4. On the second version of The Plague, 1942-1944
The influence of exile, separation, and occupation, on the plague symbol
The first major turning point in the composition of The Plague came in late 1942. In August, Camus and Francine left Algeria to visit regional France, staying at the small hamlet of Le Panelier, near Chambon-sur-Lignon, about 40 miles from Saint-Etienne. In October, Francine returned to Oran, to resume her teaching, while the plan was for Camus to follow soon after. He already had a steamer booked to return to Algeria. But then, on November 7, the Allied forces landed in North Africa, and on November 11 the Germans in France responded by closing the French borders, extinguishing the free-zone. Camus was now exiled from Algeria in France, separated from his wife and her family in Oran, as well as from his own family in Algiers.
‘Caught like rats!’ he confided to his notebook that day.
Only after this moment did Camus begin seriously to consider how the war could be refracted through the symbol of the plague, and thereby incorporated into his work-in-progress. His notebook contains a list of references from the Old Testament of the Bible, where each verse conflates ‘pestilence’ with ‘the sword’, plague and war. He published a brief text in early 1943 describing his initial feelings of exile, “Les Exilés dans la peste”, in which the Germans are rats and Nazism is plague. These correspondences are only inferred in the text, however, and in this way the text survived the Nazi censors. A lesson Camus had learned from the excision of the Kafka section from Sisyphus: ideologues lack imagination, and so they struggle with metaphor, reading such images literally. Even here, however, these correspondences are not so narrowly settled in Camus’ imagination. A short time earlier, on the day of the Allied landing, it was the non-Germans, such as himself, which he had described as rats. The image of the plague is shown here to be oppressive, while only a year or two earlier he wrote about the plague as being liberating, an adventure. The point is not that Camus was now choosing one meaning over another, but he was retaining both, and opening up the image to its general ambiguity.
It is during this period 1942-1944 of the Nazi occupation and increased resistance activity in France that is often taken to be the central experience informing The Plague. That Camus began writing the novel – and had already completed an initial draft and outlined its general direction – prior to this period, complicates this view somewhat. A further complication is that Camus’ experience of the resistance during this period was actually more limited, and initially more peripheral, than most general readers of Camus have been led to believe. Camus himself was not a member of an active cell during this period, nor was he involved in any major resistance activities. The most he did was to have published the first of four “Letters to a German Friend” in a clandestine journal in July 1943. The second letter, written in December 1943, when he moved to Paris, was published early the following year. He was, however, aware of resistance activities, and he associated with several figures who were so involved. It so happened that Le Panelier was a hotbed of resistance activities, particularly with hiding Jews, and smuggling them out of France, away from the Nazi and Vichy forces that were rounding up and interning Jews across the country. This is perhaps one of the reasons why Camus first associated with members of the resistance in the region: he initially considered using the same channels as these Jewish refugees, for himself to be smuggled into Algeria via Spain, to be reunited with his wife and family. One of these resistors was André Chouraquia, a biblical scholar, who helped Camus pull together the Bible quotes regarding plague and war.
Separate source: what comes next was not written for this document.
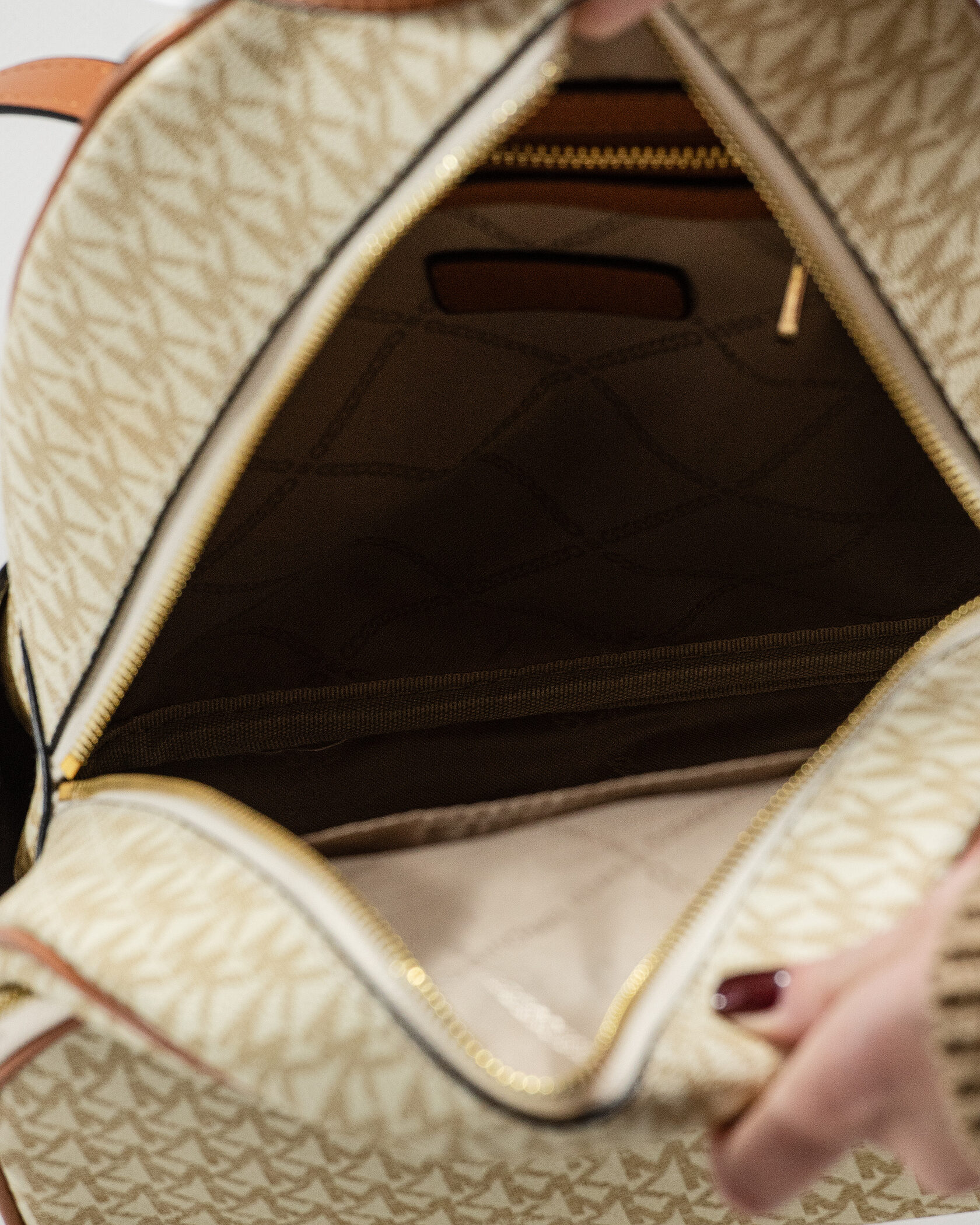 Michael Kors Abbey Medium Logo Backpack - 13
Camus finally moved to Paris in late 1943, but only in 1944 did he become involved in editing and working on the Combat underground newspaper. It is difficult to pin-point precisely when this involvement began – one of the necessities of clandestine activity is to try to not leave much trace evidence – but the earliest accepted piece of writing probably by Camus (albeit unsigned) in Combat is in March 1944, six months before the liberation of Paris. It is for these reasons that after the war Camus always downplayed his association with the resistance – not out of false humility, but out of honesty – and whenever he did speak it was to deflect from himself and to put the focus on others who were more deeply involved, were involved for a longer period, and who paid a greater personal price for doing so: ‘if we are still here,’ he later wrote, in a eulogy for a friend killed for his resistance activities, ‘this is because we did not do enough.’
More importantly, however, in The Plague, in the sections which refer to the closest referent to the resistance in the novel – the unofficial, though officially sanctioned, public health squads organised by the character, Tarrou – the narrator also downplays their role: ‘This is why our public health squads, which came together thanks to Tarrou, must be judged with objective satisfaction. This is why the narrator doesn’t represent himself as the overly eloquent champion of a drive and a heroism that he regards as only modestly important.’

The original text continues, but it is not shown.